1.1.0 Vers un cinéma total?

« Le cinéma subit depuis sa naissance une évolution constante. Elle s’achèvera lorsqu’il sera en état de nous présenter des personnages en ronde bosse, colorés, et peut-être odorants; lorsque ces personnages se libèreront de l’écran et de l’obscurité des salles pour aller se promener sur les places publiques et dans les appartements de chacun. La science continuera de lui apporter de petits perfectionnements. Mais il aura atteint, en gros, son état parfait. Cinéma total. »
René Barjavel, cinéma total, Denoël, paris, 1944

« L’idée cinématographique tend à une représentation totale et intégrale de la réalité, elle envisage d’emblée la restitution d’une illusion parfaite du monde extérieur avec le son, la couleur et le relief. Si le cinéma au berceau n’eut pas tous les attributs du cinéma total de demain, ce fut donc bien à son corps défendant et seulement parce que les fées étaient techniquement impuissantes à l’en doter en dépit de leur désirs. »
André Bazin, le mythe du cinéma total, critiques, 1946

A l’origine, le cinéma est une suite d’un grand nombre d’inventions visant à une illusion parfaite du monde sensible. La stimulation de tous les sens est en effet une vieille chimère qui semble hanter l’esprit des hommes. Ce serait, en quelque sorte un pouvoir divin, celui de créer un monde crédible et sous tous ses aspects, comme un triomphe sur la mort. On peut voir le relief dans ce contexte comme étant une étape supplémentaire vers la perfection de l’illusion.

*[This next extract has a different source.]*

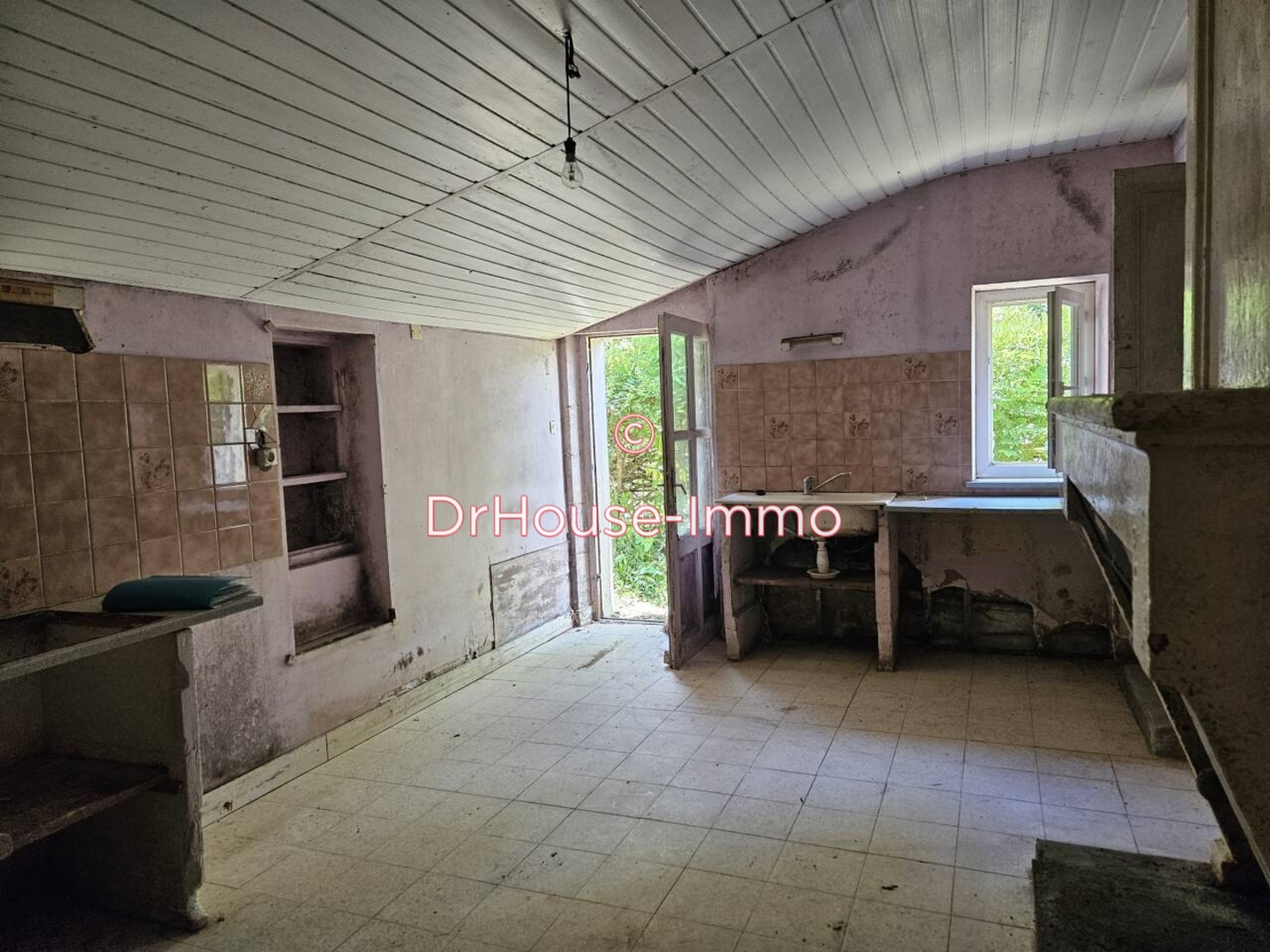Photo 3 : Vente Maison 4 pièces Saint-Trojan 304 m²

« …la photographie, revivifiée, complétée et couronnées par le stéréoscope, est tellement supérieure à elle-même que le jour viendra bientôt où toutes les images photographiques s’associeront par couple pour reproduire dans leur vérité, dans toute sa beauté, douce et sévère, la nature immatérielle et vivante. »
Abbé Moigno dans le cosmos, 1852

On peut observer une double évolution dans l’histoire des techniques du cinéma, stimulant le physique et le psychique:

stimulis PHYSIQUES
Le cinémascope, le relief, les écrans circulaires visent à faire sortir l’image de l’écran, l’agrandir, transformer la surface de projection frontale en dispositif immersif afin de recréer des sensations proche de la réalité.

stimulis PSYCHIQUES
Le montage et le découpage ainsi que les effets de prise de vue (mouvements d’appareils, gros plans, caméra subjective,…) visent à faire pénétrer le flux des images dans l’esprit du spectateur.
Le cinéma se rapproche de la vision onirique.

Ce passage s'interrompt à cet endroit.